We use DaCe to optimize the computation and communication of the OMEN quantum transport simulator. Over the previous, manually optimized state-of-the-art implementation, DaCe-OMEN exhibits a **~140x** speedup. Due to the data-centric approach, it became apparent that the communication scheme could scale better if the code would undergo data movement transformations.

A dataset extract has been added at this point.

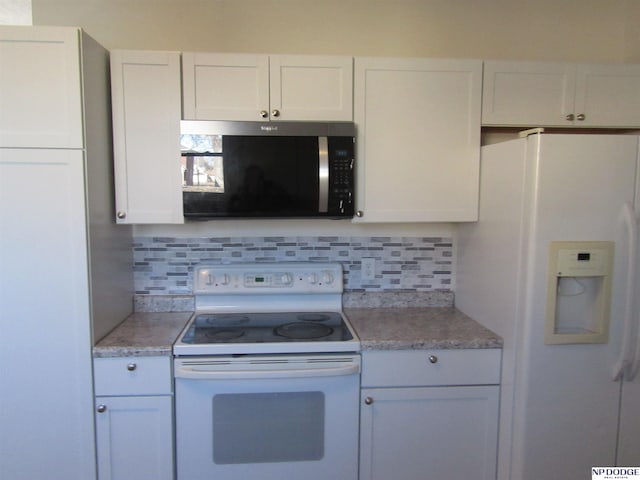 kitchen with tasteful backsplash, white cabinetry, and white appliances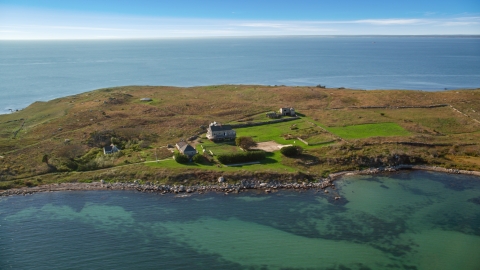 AX144_180.0000219 - Aerial stock photo of A view of Penikese Island School on Penikese Island, Elisabeth Islands, Massachusetts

Normally, this would cause a complete rewrite of the codebase, but with DaCe it is a matter of applying transformations:

By using the same data-centric transformations on the operator level as well (more details can be found in the paper), we were able to achieve speedups of 5.76-31x over NVIDIA's optimized CUBLAS library. Putting all the pieces together, DaCe-OMEN scaled to the full Summit supercomputer, achieving simulation of numbers of atoms that were not possible to simulate before.

###### DaCe-OMEN strong scaling with 10,240 atoms on the Summit supercomputer

This effort won the ACM Gordon Bell Prize in 2019.